In a series of 4 articles, I would cover about the traditional ways that most of us adapt to deploy targets to our teams, pros & cons, live cases and introduce ‘Catch-ball’ technique of policy deployment that is used of deploying targets which is several notches about traditional methods.
First in this series, I m talking about traditional ways of deploying metrics. Here are two scenarios that I commonly come across where people are really puzzled about deploying goals to teams.
Scenario 1 is an example of Vertical deployment of targets to one’s direct reports and scenario 2 is Horizontal deployment, where there is shared ownership of targets, inter-dependencies, etc. between different departments.
Traditionally, vertical deployment of targets has not been a problem due to concentration of power and controllership with the functional head. Mostly Top-down approach is used, but rarely Bottom-up approach is also used.
Read my articles ‘Matsushita example of Top-down approach to deploy targets’ & ‘Bando example of Bottom-up approach to deploy targets’ where they are interesting live cases to read.
Both these approaches have their own pros & cons. Lets review the most important ones.
We all know that top-down is the single most commonly used method to deploy targets today.
Bottom-up most of the time, sounds impractical and an ideal-case.

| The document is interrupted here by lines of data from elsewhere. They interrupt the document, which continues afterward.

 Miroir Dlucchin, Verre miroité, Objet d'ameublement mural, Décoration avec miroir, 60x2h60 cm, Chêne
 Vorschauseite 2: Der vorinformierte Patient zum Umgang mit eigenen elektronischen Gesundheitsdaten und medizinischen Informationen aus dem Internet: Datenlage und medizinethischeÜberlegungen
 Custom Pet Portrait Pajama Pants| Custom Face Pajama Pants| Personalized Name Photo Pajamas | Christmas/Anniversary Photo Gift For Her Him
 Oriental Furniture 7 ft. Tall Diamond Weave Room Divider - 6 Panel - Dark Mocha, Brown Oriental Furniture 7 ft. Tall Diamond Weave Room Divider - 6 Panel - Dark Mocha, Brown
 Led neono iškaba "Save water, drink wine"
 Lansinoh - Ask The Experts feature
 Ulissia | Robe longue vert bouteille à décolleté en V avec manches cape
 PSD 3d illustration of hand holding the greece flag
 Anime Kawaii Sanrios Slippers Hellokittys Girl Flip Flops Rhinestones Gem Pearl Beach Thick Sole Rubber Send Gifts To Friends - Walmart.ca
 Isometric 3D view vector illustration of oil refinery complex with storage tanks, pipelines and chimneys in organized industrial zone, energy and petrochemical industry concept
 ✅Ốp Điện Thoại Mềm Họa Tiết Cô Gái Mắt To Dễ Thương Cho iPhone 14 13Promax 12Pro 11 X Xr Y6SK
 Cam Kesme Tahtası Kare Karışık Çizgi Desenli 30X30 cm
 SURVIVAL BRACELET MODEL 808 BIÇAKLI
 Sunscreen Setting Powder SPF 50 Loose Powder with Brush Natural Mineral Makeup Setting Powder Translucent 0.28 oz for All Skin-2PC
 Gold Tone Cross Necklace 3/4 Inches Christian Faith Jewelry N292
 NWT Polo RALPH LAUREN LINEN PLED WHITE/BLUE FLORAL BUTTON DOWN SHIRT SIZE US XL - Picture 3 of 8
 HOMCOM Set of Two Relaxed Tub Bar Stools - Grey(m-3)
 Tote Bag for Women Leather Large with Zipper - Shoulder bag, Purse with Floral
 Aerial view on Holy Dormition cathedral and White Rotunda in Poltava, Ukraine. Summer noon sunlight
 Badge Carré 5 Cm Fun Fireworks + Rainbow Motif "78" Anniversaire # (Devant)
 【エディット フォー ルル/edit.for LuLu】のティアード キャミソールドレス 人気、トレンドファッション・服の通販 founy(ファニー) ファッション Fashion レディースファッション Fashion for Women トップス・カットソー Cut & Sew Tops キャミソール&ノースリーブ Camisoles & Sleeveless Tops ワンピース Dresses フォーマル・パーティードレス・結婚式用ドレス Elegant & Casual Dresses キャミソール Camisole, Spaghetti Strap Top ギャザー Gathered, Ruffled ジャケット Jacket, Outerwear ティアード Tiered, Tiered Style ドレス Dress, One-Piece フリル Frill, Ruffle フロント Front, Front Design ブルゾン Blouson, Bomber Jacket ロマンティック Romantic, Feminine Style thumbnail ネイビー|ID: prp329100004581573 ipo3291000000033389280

In my experience, ‘Catch-ball’ technique which is used in Hoshin-Kanri is much more effective method to deploy goals. It takes a mid-way approach between top-down and bottom-up, but at the same time it doesn’t compromise on the ownership, timeliness and success rate.
More importantly, in an increasingly matrix-driven culture, deploying goals to peers (cross-functional) for shared accountability can only be addressed by Catch-ball technique. Traditional methods of Top-down and Bottom-up down have least impacts.